Em defesa do Marco Civil da Internet Brasileira: uma conquista democrática sob ameaça

Em defesa do Marco Civil da Internet Brasileira: uma conquista democrática sob ameaça

O Marco Civil da Internet (Lei nº 12.965/2014) representa uma das legislações mais avançadas do mundo no que diz respeito à regulação da internet sob os pilares da liberdade de expressão, da proteção à privacidade e da neutralidade da rede. Fruto de um amplo processo participativo envolvendo sociedade civil, academia, setor privado e governo, essa legislação consagrou direitos fundamentais e estabeleceu balizas claras para o funcionamento da internet no Brasil. Entretanto, apesar de sua relevância, o Marco Civil tem sido alvo de tentativas recorrentes de flexibilização e esvaziamento, geralmente impulsionadas por interesses econômicos ou políticos alheios ao bem coletivo.

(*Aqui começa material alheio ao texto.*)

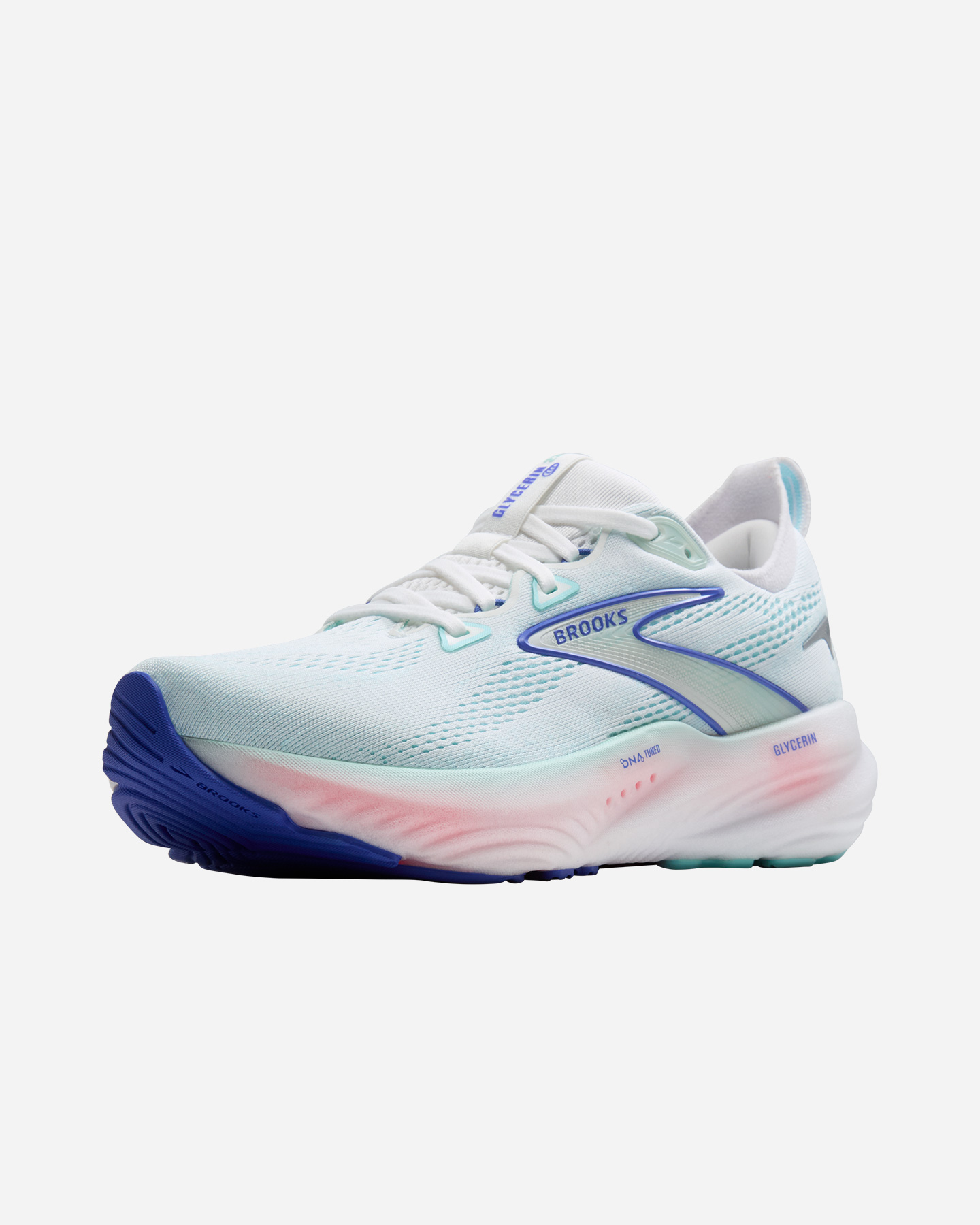 Scarpe running BROOKS GLYCERIN 22 W - Bianco - 2 | Cisalfa Sport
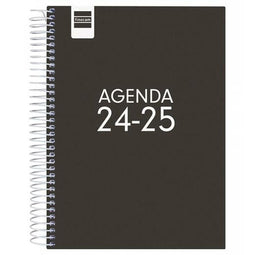 Agenda Finocam Cool Zwart 2024-2025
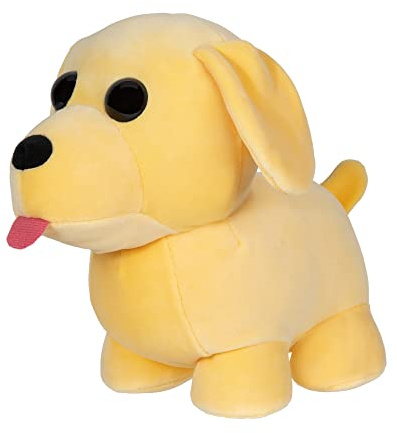 Adopt Me! 15cm Collector Plush - Dog - Soft and Cuddly - Directly from the #1 Game, Toys for Kids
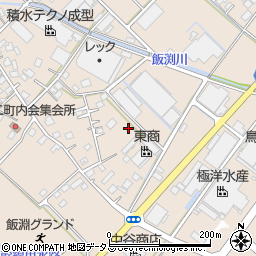 静岡県焼津市飯淵1170-2周辺の地図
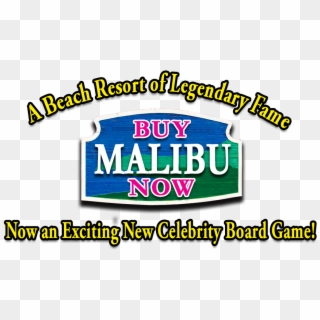 Buy Malibu Board Game - Graphic Design Clipart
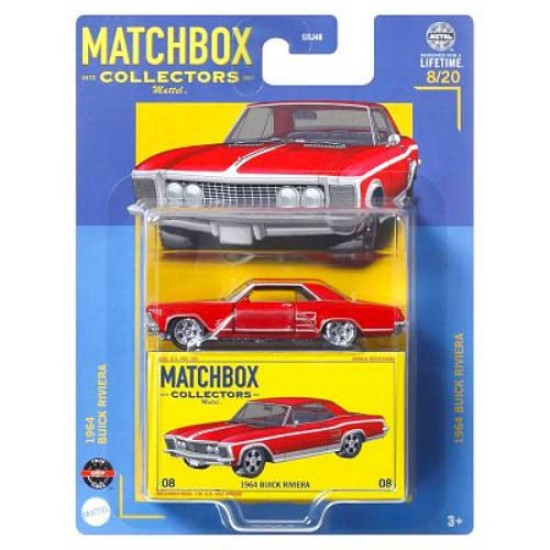 MATCHBOX COLLECTORS 1964 BUICK RIVIERA 8/20 HVW15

Em termos críticos, é fundamental reconhecer que o Marco Civil não é apenas uma norma técnica, mas um instrumento político de proteção da cidadania digital. Ele garantiu, por exemplo, que os dados dos usuários não pudessem ser utilizados indiscriminadamente por empresas de tecnologia, colocando freios no avanço da vigilância digital e no uso abusivo de informações pessoais. Em um cenário de avanço das big techs e da coleta massiva de dados, essa proteção é cada vez mais essencial.

Outro ponto central da lei é a neutralidade da rede, que assegura que todos os dados que circulam na internet sejam tratados de forma isonômica, sem discriminação por conteúdo, origem ou destino. Esse princípio impede que operadoras de telecomunicações cobrem mais por determinados serviços ou privilegiem seus próprios conteúdos em detrimento de concorrentes ou de iniciativas independentes. A neutralidade é a espinha dorsal de uma internet aberta, plural e inovadora — e sua preservação é um dos legados mais importantes do Marco Civil.

Críticas ao Marco Civil costumam vir de setores que desejam maior controle sobre o fluxo de informações online, seja por motivos políticos — como a regulação de discursos —, seja por motivos econômicos, como a fragmentação da internet por pacotes de dados discriminatórios. Essas pressões, embora travestidas de modernização ou combate às fake news, muitas vezes abrem caminho para a censura, o monopólio informacional e a vigilância de Estado.

Contudo, é legítimo admitir que o Marco Civil precisa ser atualizado e complementado, especialmente diante de desafios como a desinformação em massa, o uso de inteligência artificial e o crescimento das plataformas digitais como atores reguladores de fato. A resposta a esses desafios, porém, deve seguir a mesma lógica democrática que deu origem à lei: diálogo público, transparência e respeito aos direitos fundamentais. Qualquer tentativa de mudança que busque atalhos autoritários ou retrocessos em nome da governabilidade digital deve ser veementemente rechaçada.

Em suma, defender o Marco Civil da Internet é defender o próprio projeto de uma internet livre, plural e voltada ao interesse público. Sua existência é um marco não apenas jurídico, mas simbólico: mostra que é possível regular o espaço digital sem abrir mão da democracia. Em tempos de retrocessos e disputas narrativas, reafirmar os princípios do Marco Civil é mais do que necessário — é um ato de resistência.